Com população estimada em 2,4 milhões de habitantes, nossa capital tem uma maneira peculiar de se organizar. Tudo gira em torno do Plano Piloto. Jovens de cidades vizinhas à eterna maquete de Lúcio Costa reclamam da falta de lazer, de um cineminha perto de casa, de clubes acessíveis e outras tantas oportunidades que pipocam no Plano Piloto. “Tudo é feito pensando nos bodinhos”, dizem. “Bodinhos” é uma gíria usada para descrever os jovens afortunados que vivem nas asas do grande avião.
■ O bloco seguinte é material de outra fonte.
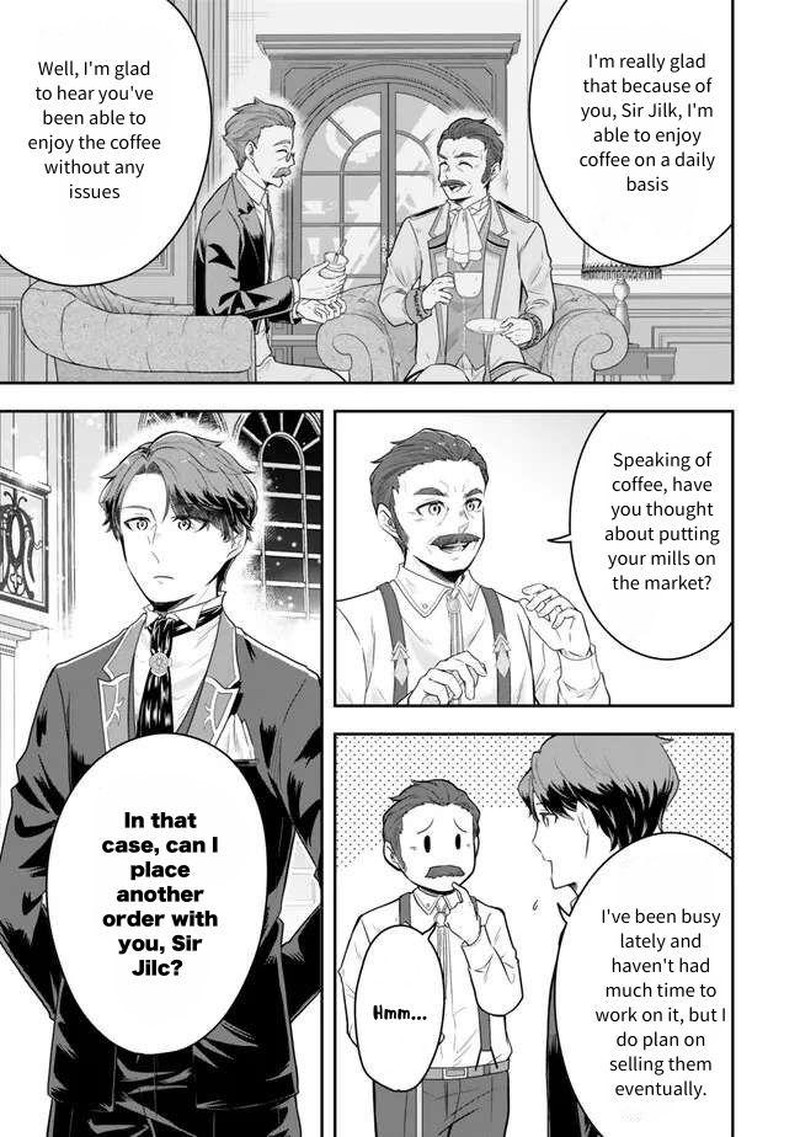 Dokushin Kizoku Wa Isekai Wo Ouka Suru Kekkon Shinai Otoko No Yuuga Na Ohitori Sama Life 18 7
Pois bem, muitos chegam a pensar que essa dura realidade passa por um exagero descabido. Poderia pensar um jovem do Plano Piloto: “Mas eles podem pegar ônibus e virem se divertir aqui. Ninguém os proíbe”. Oras, o custo de tal “brincadeira” não se encaixa no orçamento da família. Então, o ideal seria levar lazer até eles. Bingo! Mas e aí, o que falta?

Falta muita coisa, mas principalmente respeito e compromisso com quem realmente importa. O Estado deve trabalhar para diminuir as diferenças. E isso passa por todas as áreas da administração pública. A cultura e o lazer são essenciais na vida de qualquer ser humano. Programas deveriam ser criados e aperfeiçoados para gerar oportunidades iguais. Ver um filme no cinema não deveria ser privilégio de poucos. Ir à praia, muito menos. Em Brasília, é o que simplesmente ocorre. E digo simplesmente porque é desta maneira que se encara a realidade por aqui. Simples.

Quer ver uma coisa. Em maio, o Pontão do Lago Sul – uma das áreas mais valorizadas da capital da República – recebeu um festival de cinema organizado por uma operadora de telefonia móvel. Nada contra. Artistas famosos, filmes clássicos sendo exibidos em um telão de 325 metros quadrados e a promessa de “muita gente bonita”. O custo da “brincadeira”: R$ 50 a inteira e R$ 25 a meia.

Outro evento interessante de se mencionar é o Na Praia. A estrutura fica montada até agosto na orla do Lago Paranoá, atrás da Concha Acústica, e é toda bancada pela iniciativa privada – que nunca joga para ter prejuízos. Não me lembro de ter pagado um centavo para entrar numa praia em minha vida. Existem algumas que até cobram, mas nunca cheguei nem perto. É o segundo ano deste evento em Brasília. O preço da “brincadeira”: Entre R$ 50 e R$ 120. Uma boa quantia em tempos de crise.

Dois eventos que mostram total falta de comprometimento com os jovens que não tiveram e não têm a mesma sorte de outros tantos. Na Estrutural, por exemplo, não existe uma sala de cinema sequer. Colocar um supertelão por lá não daria muito dinheiro, mas talvez mudasse a vida de algumas pessoas para sempre. Nas cidades vizinhas ao DF não tem um Lago Paranoá, mas talvez facilitar o acesso deles à orla e não privatizá-la por meio de projetos como o Na Praia permitiria a alguém imaginar o clima de uma praia de verdade. Até porque só quem nunca pisou numa praia para achar que um lago pode realmente chegar perto da brisa marinha, do cheiro do mar e até mesmo da água salgada no corpo.

O governador Rodrigo Rollemberg lançou uma duríssima e importante campanha pela desobstrução da orla do Lago Paranoá. É louvável. No entanto, ao permitir eventos que limitam o acesso do povo à orla do lago, mostra que nem sempre o espaço público é público de fato. E assim, com a sutileza de atos discricionários, Brasília vai deixando de ser a capital da esperança e das oportunidades para se tornar uma cidade como outra qualquer.